Patent Landscape Research
Thorough analysis of Tobii and EyeTribe patent portfolios revealed the competitive landscape for multimodal interaction technologies. Tobii had already explored directions combining gaze tracking with other input modalities to achieve accuracy beyond what gaze alone provided. While their patents covered general multimodal approaches, the specific visual touch integration appeared unclaimed.
Research into Fujitsu’s iris scanning technology and eye gaze tracking work provided additional competitive intelligence. The challenge wasn’t technical feasibility—multiple companies were pursuing similar goals—but rather finding novel combinations and applications not already covered by existing patents.
Concept Document Evolution
Significant effort went into consolidating notes and ideas from the previous six months into a coherent design document for augmented TV concepts. The document evolved to encompass:
- Visual touch offset approach for thumb-based interaction on large-screen phones (phablets)
- General architecture supporting N audiovisual devices, N augmenters, N displays, and N input surfaces in a room with N people
- Retrofitting visual touch UI for existing audiovisual devices through augmentation layers
- Eye gaze combined with visual touch for enhanced region-of-interest interaction
Design Drawing Development
Mockups were created for design drawings covering various visual touch scenarios and use cases. These drawings needed to communicate complex interaction concepts visually for patent applications, technical documentation, and potential partner presentations.

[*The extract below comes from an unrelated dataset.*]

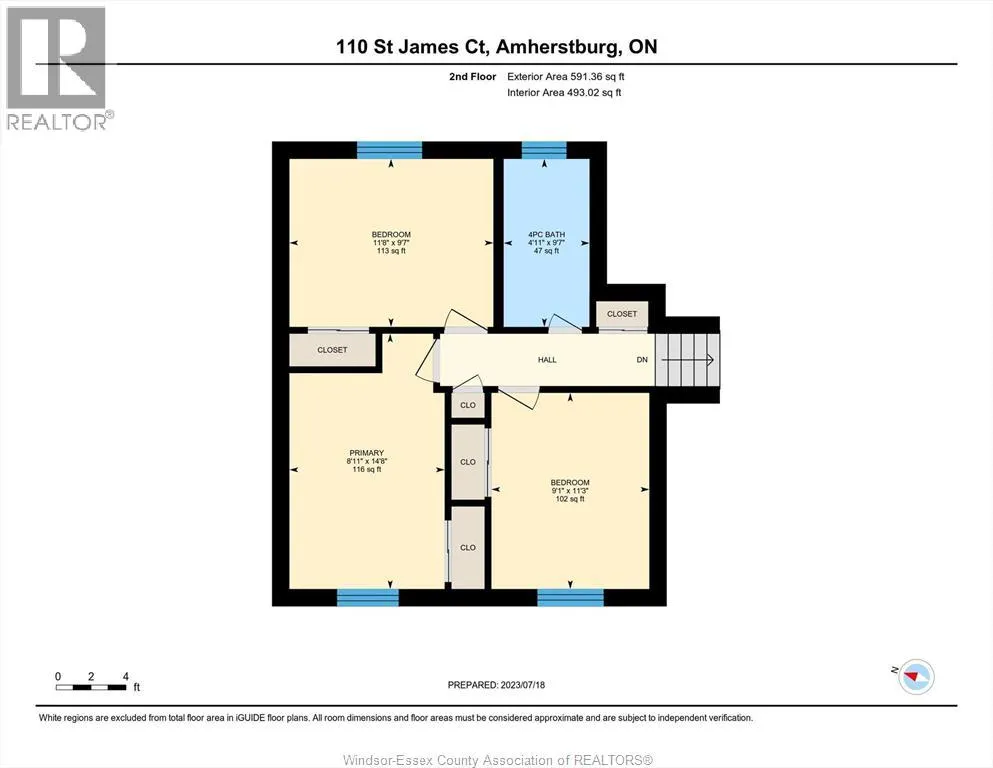 110 ST. JAMES COURT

A summary document was prepared for submission to a graphic artist to produce professional renderings.
Culling less commercially viable concepts from the documentation forced prioritization—which ideas offered the clearest paths to market, and which represented interesting research directions that should be deferred. This editing process brought focus to what could realistically be developed and commercialized with limited resources.


Google Project Soli Research
Google’s announcement of Project Soli—using radar for gesture recognition—prompted immediate investigation. The technology could potentially serve as an input mechanism for visual touch remote concepts. An innovative approach emerged: using visual touch data as a calibration mechanism for the radar’s machine learning pipeline, combining the strengths of both sensing technologies.

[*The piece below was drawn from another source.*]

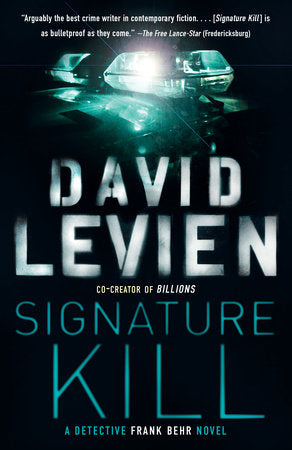 Signature Kill Paperback by David Levien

The insight was that visual touch provides ground truth data about hand and finger positions that could train radar-based gesture recognition systems. This represented a potential integration pathway between visual touch concepts and Google’s emerging interaction technology.
Trademark Challenges
Discussions with patent attorneys revealed that “Visual Touchscreens” and variations like “Vizual Touch” were likely untrademarkable—too descriptive of the actual functionality. Simply swapping letters (S for Z) proved insufficient for trademark protection. The recommendation was to develop a distinct brand name with “visual touch” as a tagline.

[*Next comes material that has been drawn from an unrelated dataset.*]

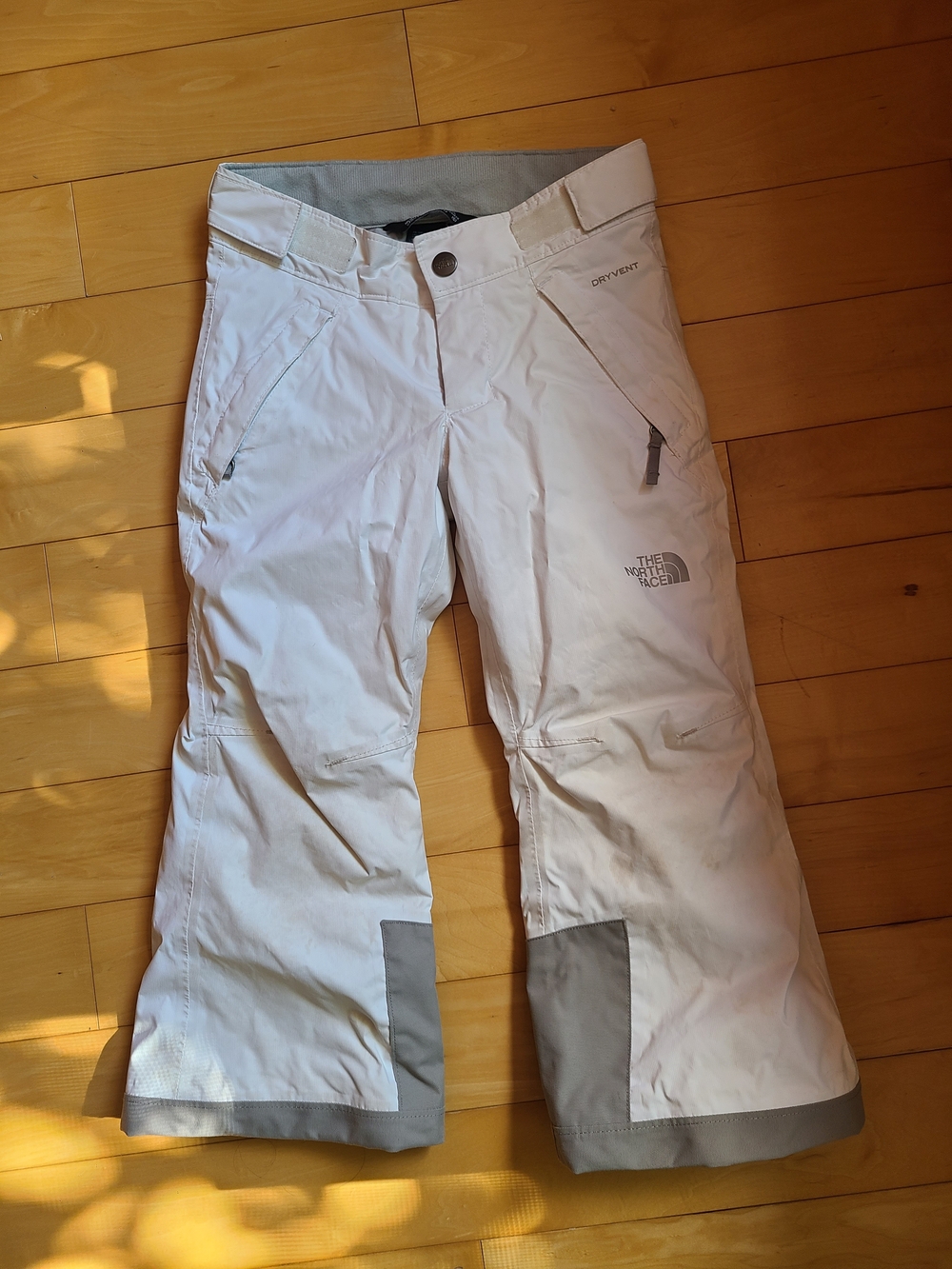 The North Face Kid’s White DryVent Ski Pants XXS (5)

This legal reality forced thinking about branding strategy separately from technical terminology. The technology could be described as “visual touch” without that phrase serving as the company or product brand.
The month demonstrated progress toward a comprehensive multimodal interaction vision: eye gaze for rapid region identification combined with visual touch for precise interaction, potentially augmented with radar-based gesture recognition. Each technology complemented the others’ limitations, suggesting a path toward more natural and accurate interfaces than any single approach could provide.